Weingart et al., 2015 Yeomans et al., 2024

Examples


data("phone_offers")

DICE(phone_offers$message[1:10], parser="none")

## Not run: 

# Detect multiple cores automatically for parallel processing
DICE(phone_offers$message, num_mc_cores=parallel::detectCores())

# Connect to SpaCy installation for part-of-speech features
# THIS REQUIRES SPACY INSTALLATION OUTSIDE OF R
# For some machines, spacyr::spacy_install() will work, but please confirm before running
spacyr::spacy_initialize(python_executable = PYTHON_PATH)
DICE(phone_offers$message, parser="spacy")

## End(Not run)

Basic Features

Description

Simple features as inputs to the DICE model

Usage

basicSet(text)

Arguments

text

character A vector of texts, each of which will be tallied for DICE features.

Details

The DICE models use, as features, linear and quadratic terms for sentiment, emotion, and word count.

Value

a data.frame of feature scores for the pre-trained models.

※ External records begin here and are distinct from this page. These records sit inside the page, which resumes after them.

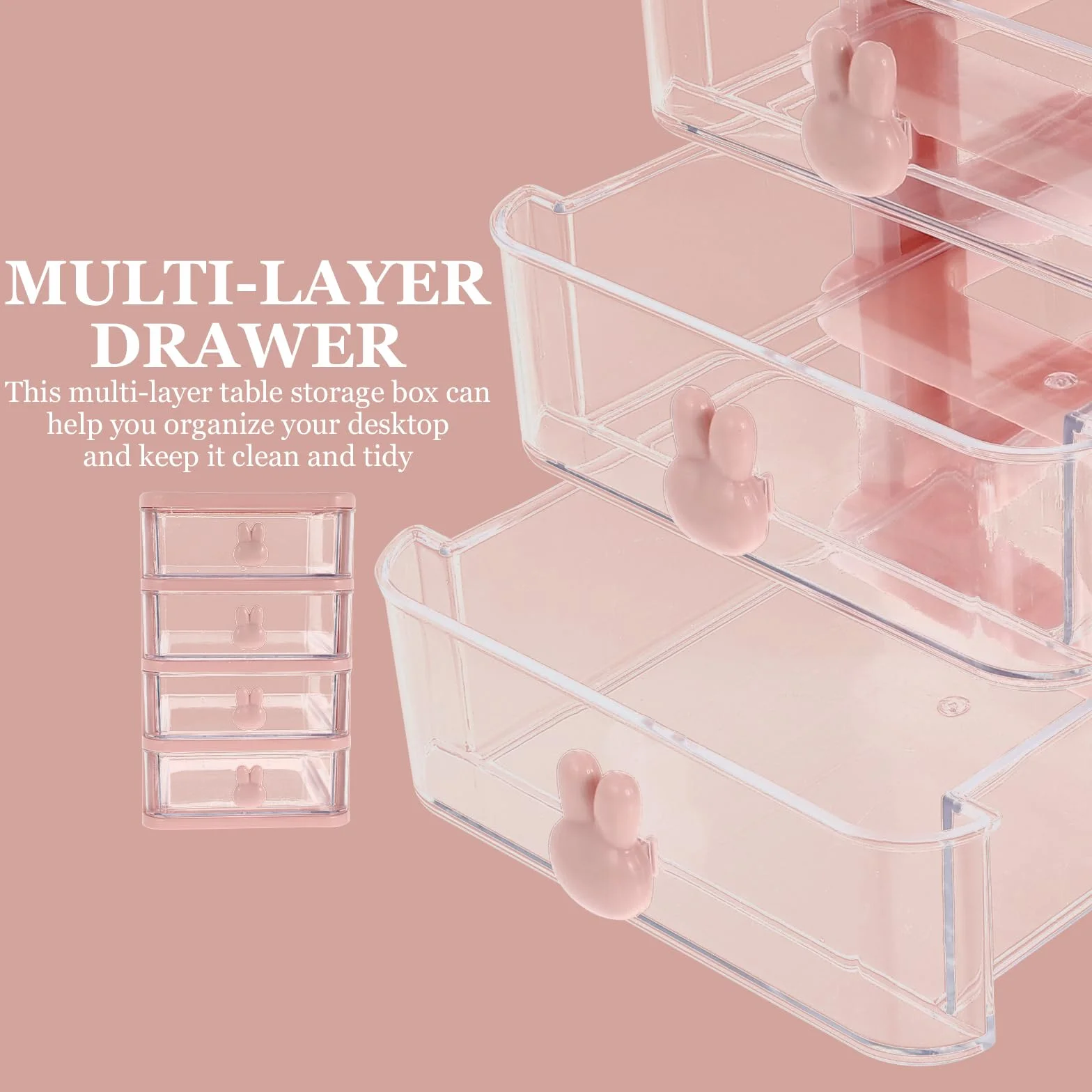 Ciieeo Scatola Da 2 Pezzi Scatola Di Immagazzinaggio Del Cassetto Custodia a Cassetto Contenitori Con Cassetti Mini Cassetti Da Scrivania Ufficio Cartone Animato Plastica Di File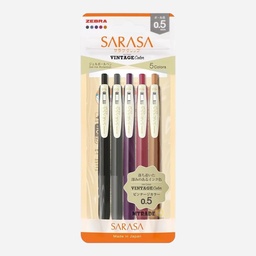 [ZEBRA JJ15-5C-VI2-N] ZEBRA Sarasa Clip Vintage Roller Pen 0.5mm Set 2 x 5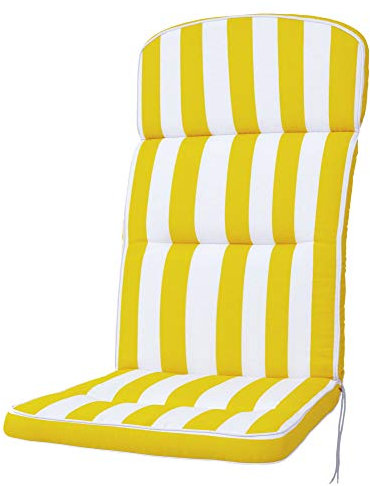 Kettler Polen KETTtex 2153 Auflage Hochlehner Alicante Blockstreifen gelb-weiß Sitzpolster 120x50x7 cm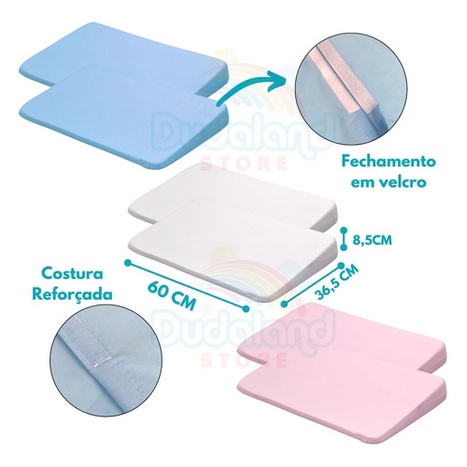 2 Capas P/ Travesseiros Anti Refluxo Berço Bebê Antialérgico
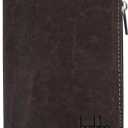 Eco Cork Friendly RFID Blocking Wallet Bi-fold Card Holder Vertical Wallet With Zippered Coin Purse & ID Window (Brown)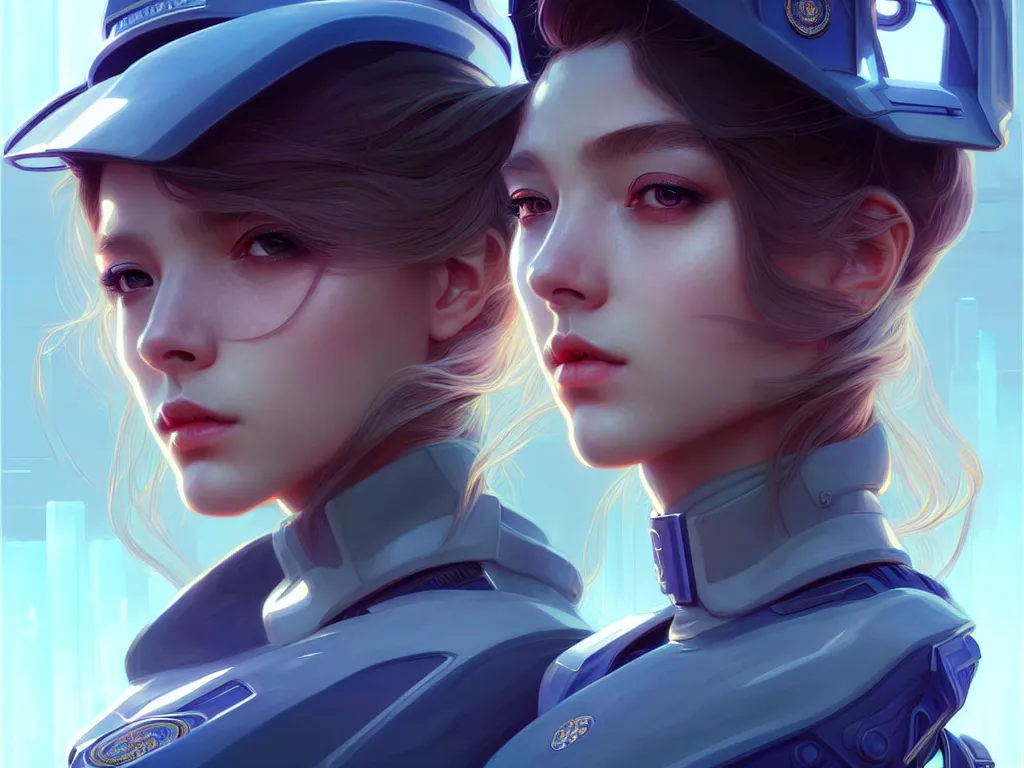 Image similar to portrait futuristic police uniform girl, at future neon light usa rooftop, ssci - fi and fantasy, intricate and very very beautiful and elegant, highly detailed, digital painting, artstation, concept art, smooth and sharp focus, illustration, art by tan zi and ayanamikodon and alphonse mucha and wlop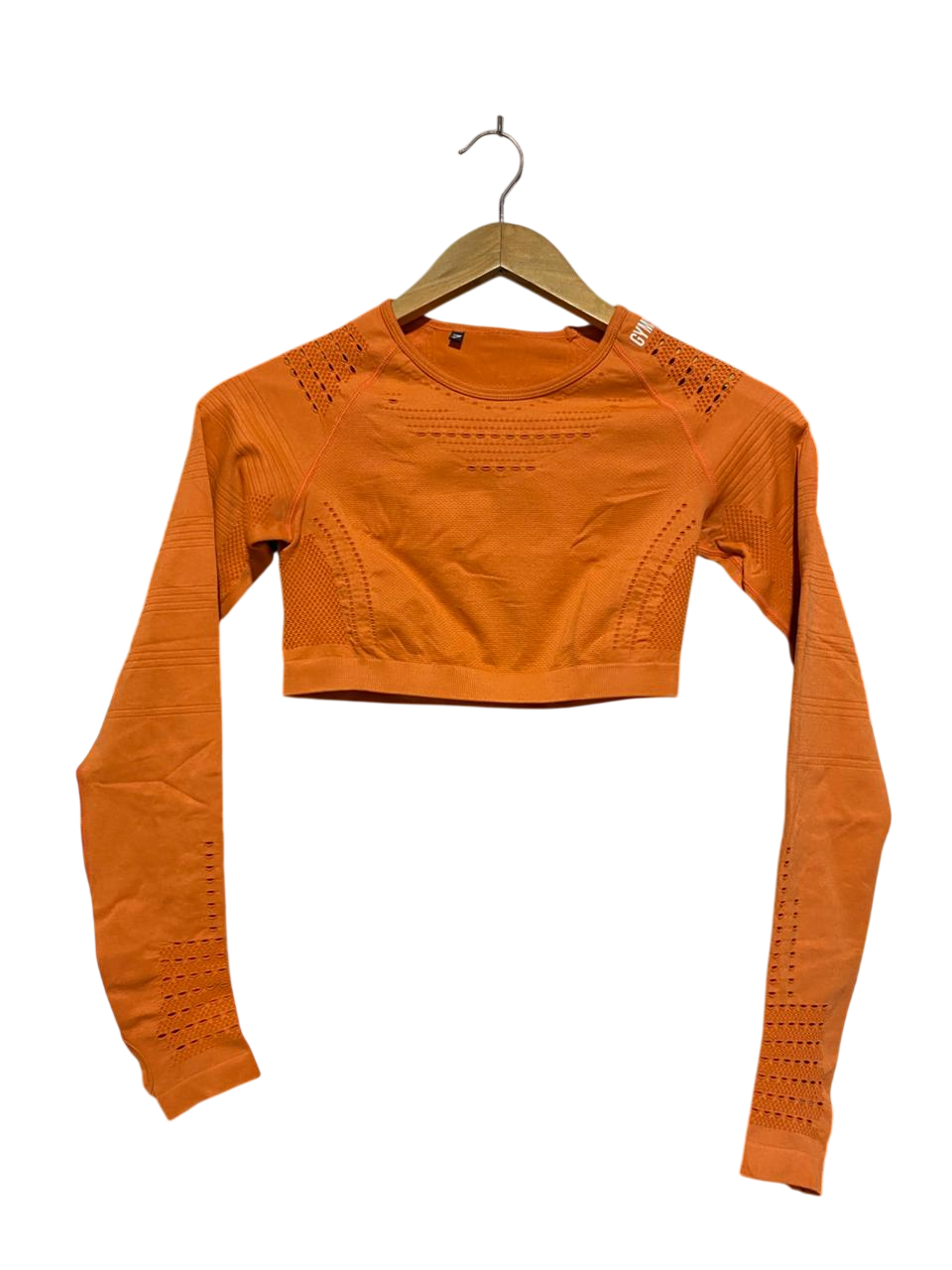 GYMSHARK |S| BUST 14| SEAMLESS ORANGE LONG SLEEVE CROP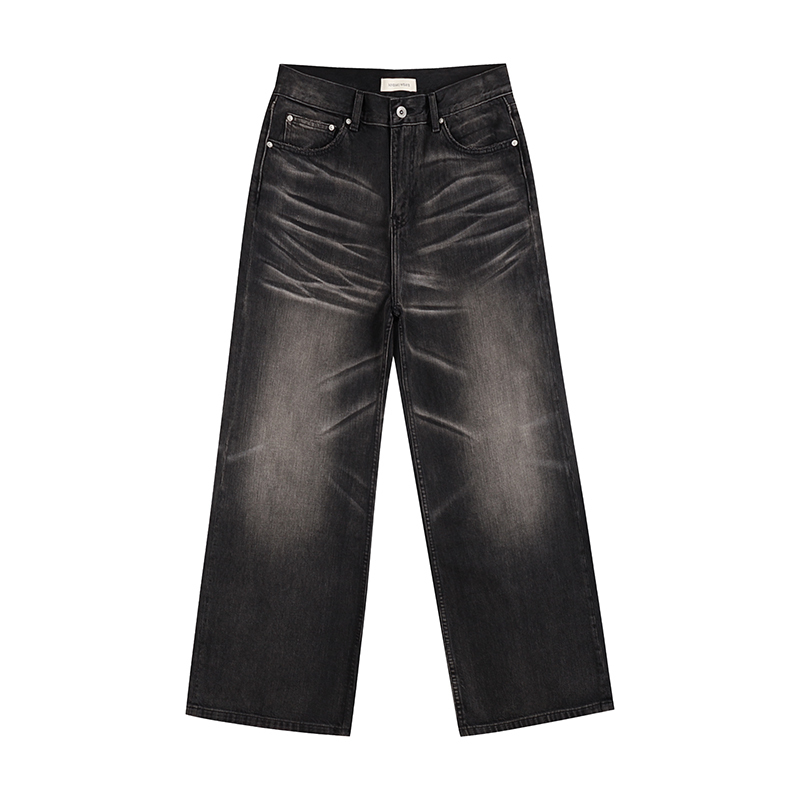 Mnemo Weave 25Ss Washed Black Denim Straight-Leg Jeans with Three-Dimensional Whiskers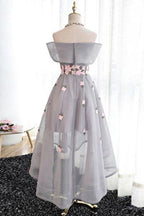 Off-the-Shoulder High Low Tulle Homecoming Dress With Appliques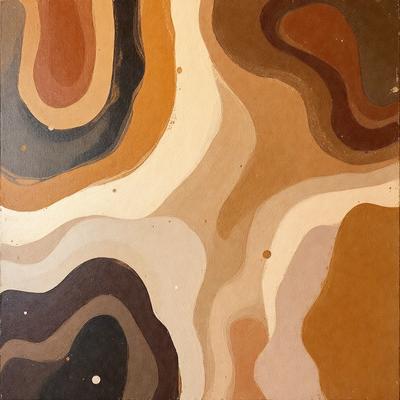 The primary subject of the image is a painting or drawing of a brown and white pattern. The setting is a wooden surface, and the visual style appears to be a combination of photo and digital art. The dominant colors are brown and white, creating a warm and earthy atmosphere.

Pre-trained advice concreteness features

Description

For internal use only. This dataset demonstrates the ngram features that are used for the pre-trained models.

Usage

diceNGrams

Format

A (truncated) matrix of ngram feature counts for alignment to the pre-trained glmnet models.

Source

Yeomans et al., (2024). A Natural Language Processing Model for Conflict Expression in Conversation

DICE Features

Description

Extracts feature sets to match pre-trained models

Usage

featureSet(text, parser = c("none", "spacy"), num_mc_cores = 1)

Arguments

text

character A vector of texts, each of which will be tallied for politeness features.

parser

character Name of dependency parser to use (see details). Without a dependency parser, the politeness features are excluded from the model.

num_mc_cores

integer Number of cores for parallelization. Default is 1, but we encourage users to try parallel::detectCores() if possible.

Details

The politeness features depend on part-of-speech tagged sentences (e.g. "bare commands" are a particular verb class). To include these features in the analysis, a POS tagger must be initialized beforehand - we currently support SpaCy which must be installed separately in Python (see example for implementation).

Value

a data.frame of features, matching the pre-trained model set

Purchase offers for phone

Description

A dataset containing the purchase offer message and a label indicating if the writer was assigned to be warm (1) or tough (0)

Usage

phone_offers

Format

A data frame with 355 rows and 2 variables:

message: character of purchase offer message
condition: binary label indicating if message is warm or tough

Source

Jeong, M., Minson, J., Yeomans, M. & Gino, F. (2019).

"Communicating Warmth in Distributed Negotiations is Surprisingly Ineffective."

Study 1. https://osf.io/t7sd6/

Polynomial pre-trained fit

Description

This calculates the polynomial projection of the simple features used during model training

Usage

polymodel

Format

A pre-trained polynomial equation

UK to US Conversion dictionary

Description

For internal use only. This dataset contains a quanteda dictionary for converting UK words to US words. The models in this package were all trained on US English.

Usage

uk2us

Format

A quanteda dictionary with named entries. Names are the US version, and entries are the UK version.

Source

Borrowed from the quanteda.dictionaries package on github (from user kbenoit)

UK to US conversion

Description

background function to load.

Usage

usWords(text)

Arguments

text

character Vector of strings to convert to US spelling.

Value

character Vector of Americanized strings.